Per comprendere lo scandalo Weinstein e quel che ha comportato dobbiamo dunque andare indietro di 3000 anni?
«Certi
comportamenti non sono innati o naturali: sono culturali, tramandati
nei secoli. Nell’esporli non ho pensato certo di condannare la cultura
classica che pure offre una visione delle donne che deploriamo. Ma per
contrastarli dobbiamo capire da dove vengono».
Nel libro lei suggerisce che le donne hanno sempre tentato di rompere il silenzio. Il #MeToo ha dunque radici storiche?
«Battersi
per se stesse e le altre alle donne è sempre stato permesso. Il #MeToo
dunque rientra in uno spazio tradizionalmente concesso.
Plaudo a chi se lo è ripreso: ma non è nuovo».
Nel
libro dice di aver notato solo di recente l’episodio di Telemaco che
zittisce la madre: siamo così abituate a scene del genere da
considerarle norma?
«Temo di sì: per i miei studi ho letto e
riletto i classici notando cose nuove ogni volta, ma anche io sono così
abituata a veder zittire le donne da non averci fatto caso fino a poco
tempo fa. Lavoro a questo tema da prima del #MeToo, ma quel che sta
succedendo ha certo ravvivato la nostra sensibilità. Una volta notato
quell’episodio non puoi più non vederlo: è un “momento Penelope”
inconfondibile, che torna in molti altri esempi letterari. E qualcosa in
cui tutte le donne si riconoscono per averlo vissuto sulla loro pelle».
Una sorta di archetipo?
«Piuttosto un’attitudine tramandata e radicata nei secoli.
Essendo qualcosa di appreso possiamo disimparare ad attuarla».
Lei
nota come da allora la voce femminile in letteratura sia stata irrisa o
svilita: ancora oggi quando le donne prendono la parola rischiano
ingiurie. Accade anche a lei su Twitter: le sue battaglie coi troll sono
celebri.
«C’è ancora chi considera la competenza femminile meno
autorevole di quella maschile. E la situazione è più grave per le donne
che fanno politica: un esempio è l’immagine di Hillary Clinton
decapitata come Medea circolata in ambienti vicini a Donald Trump. O il
tentativo di zittire la democratica Elizabeth Warren mentre leggeva una
lettera di Coretta King in Senato. La scena ha dato vita allo slogan
femminista Nevertheless she persisted, nonostante tutto è andata avanti.

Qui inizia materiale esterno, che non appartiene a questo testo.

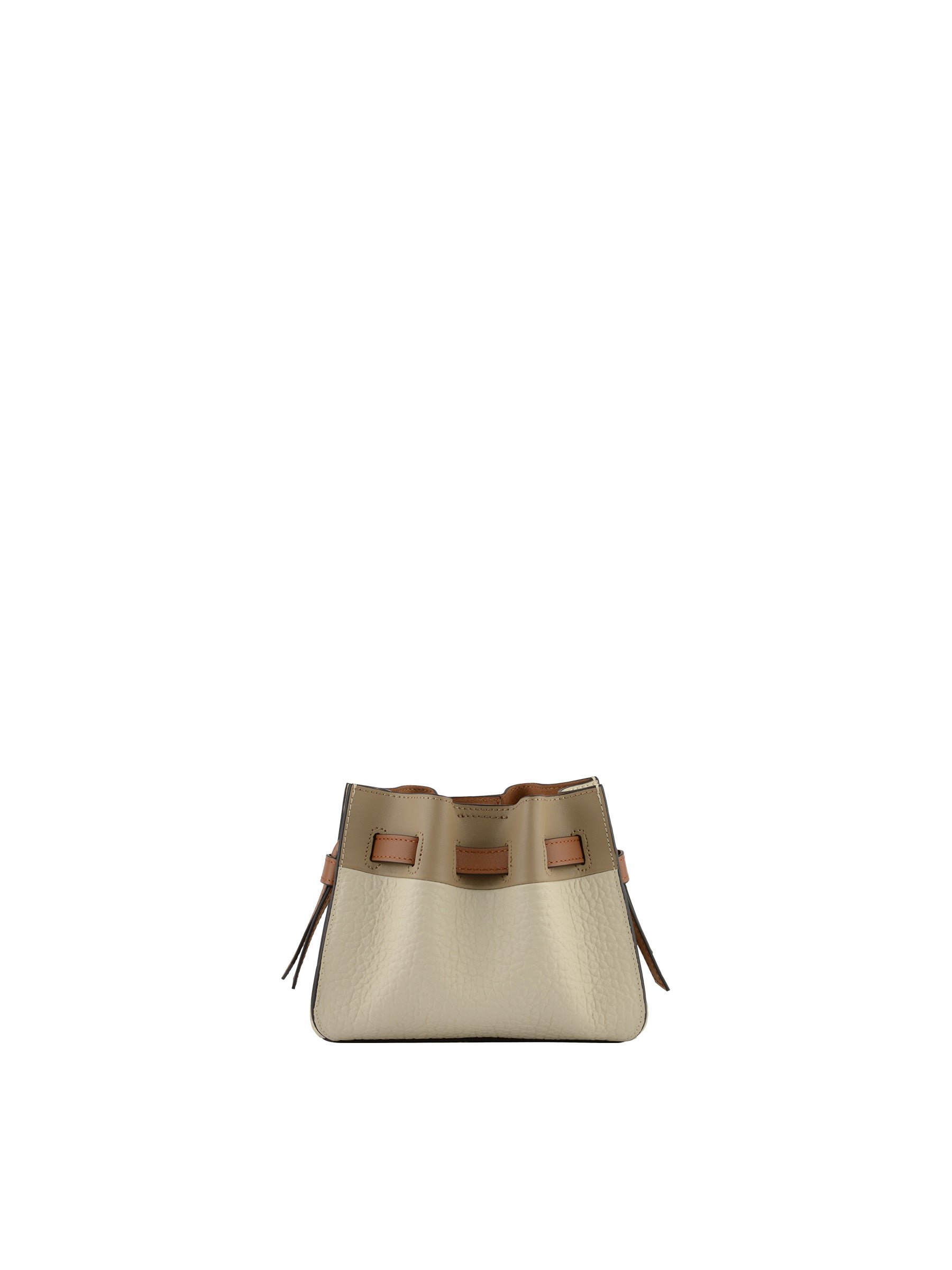 Calfskin leather shoulder bag POURCHET Multicolored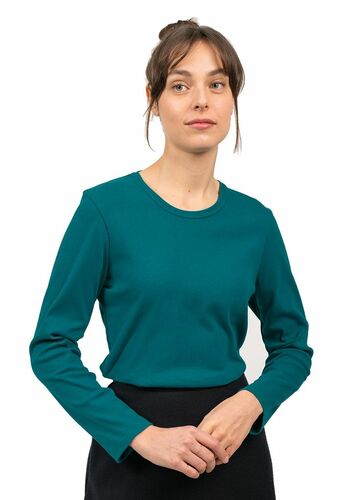 Saint James Da. Shirt 8976 Celina feine Baumwolle Basicshirt
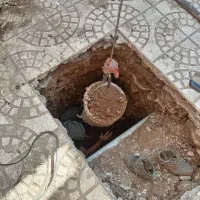 چاه کن و مغنی حرفه ای در پاکدشت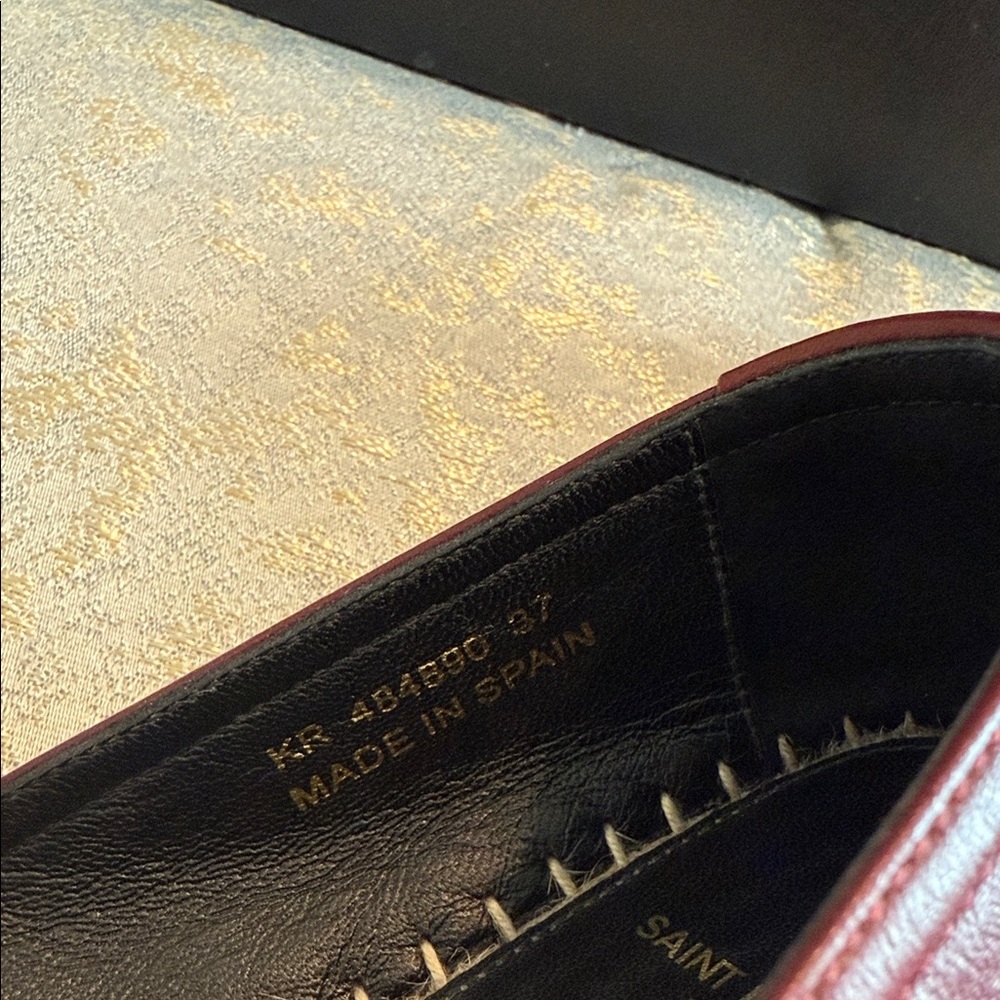Saint Laurent Burgundy Espadrilles for Women - Picture 5 of 6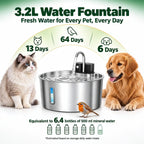 Wireless Automatic Pet Water Fountain – Stainless Steel, 4-Stage Filtration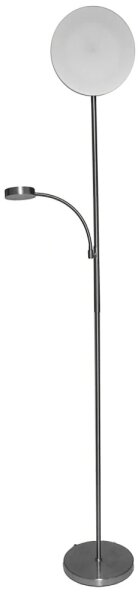 LED stmievateľná stojacia lampa NORA LED/25W/230V 2200/3000/4000K + LED/5W 3000K chróm + DO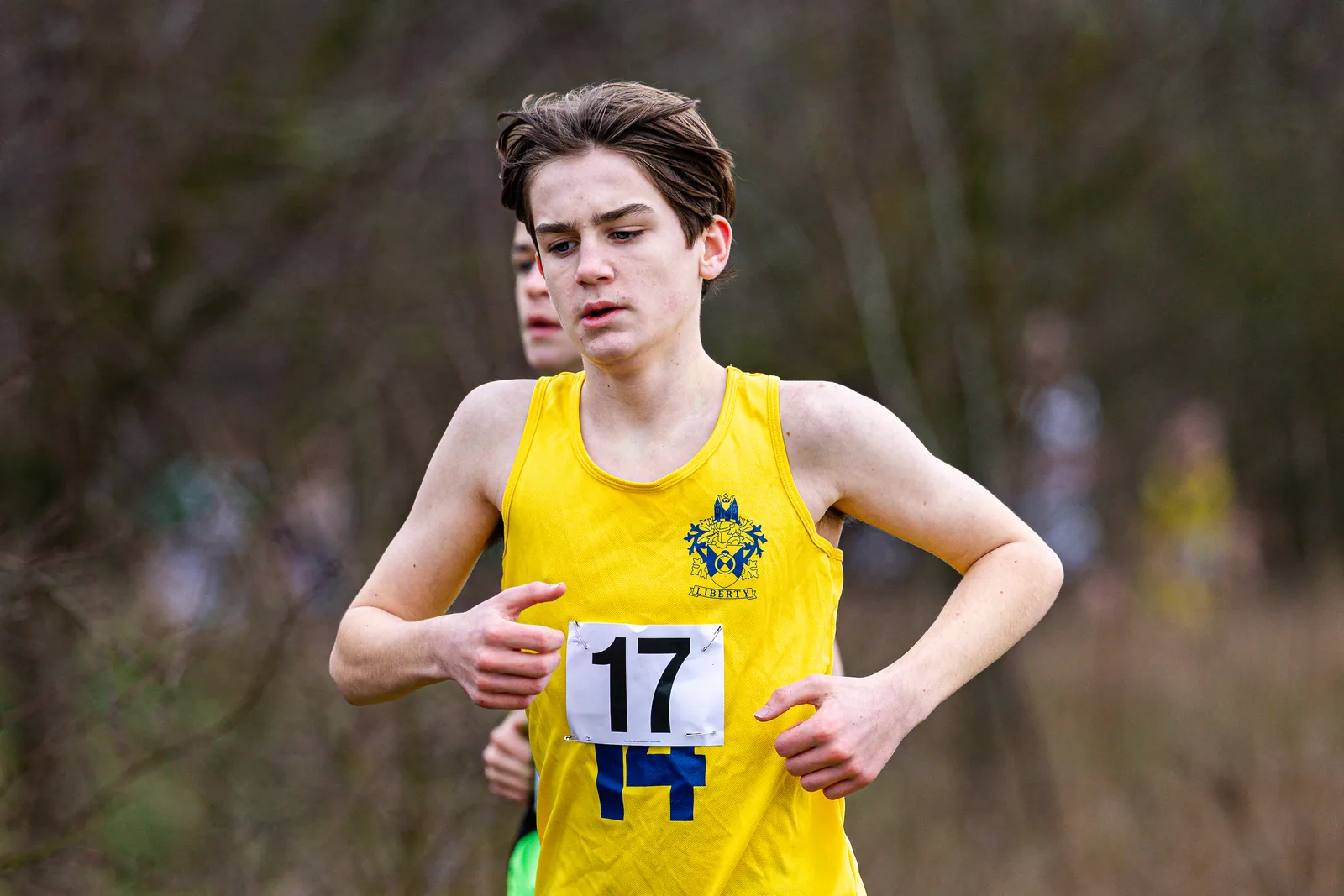Brentwood Beagles athletes at the Essex Schools Cross Country Championships, Writtle, 17 January 2026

Quel “ nonostante tutto” indica che, anche se i tentativi di silenziare
le donne falliscono, le cose non sono cambiate abbastanza».
Il silenzio come arma contro le donne nell’America moderna come nella Grecia antica?
«Per
fortuna le cose in 3000 anni – e soprattutto negli ultimi 100 – sono
cambiate. Non sminuisco i progressi: ma c’è ancora da fare».
Nel libro racconta delle lezioni prese da Margaret Thatcher per rendere la voce più profonda...
«Nei
corsi di leadership alle donne si raccomanda ancora di abbassare il
tono per renderla più calda: più maschile. Ma perché una voce acuta non è
considerata autorevole?».
Lei conosce il passato: come vede il futuro?
«Conoscere
la storia mi rende ottimista. Dobbiamo però restare vigili. In tempi di
austerità economica i progressi che riguardano le donne subiscono i
rallentamenti maggiori».
Il suo è un invito a lavorare sul nostro linguaggio, troppo discriminatorio: dobbiamo inventarne uno nuovo?
«Dovremmo
riflettere sulle implicazioni di certe parole. In inglese “ambizioso” è
un complimento se rivolto a un uomo, ma un insulto per una donna. Il
linguaggio conta. Dobbiamo avviare un processo di aggiustamento e
trovare un più giusto modo di esprimerci».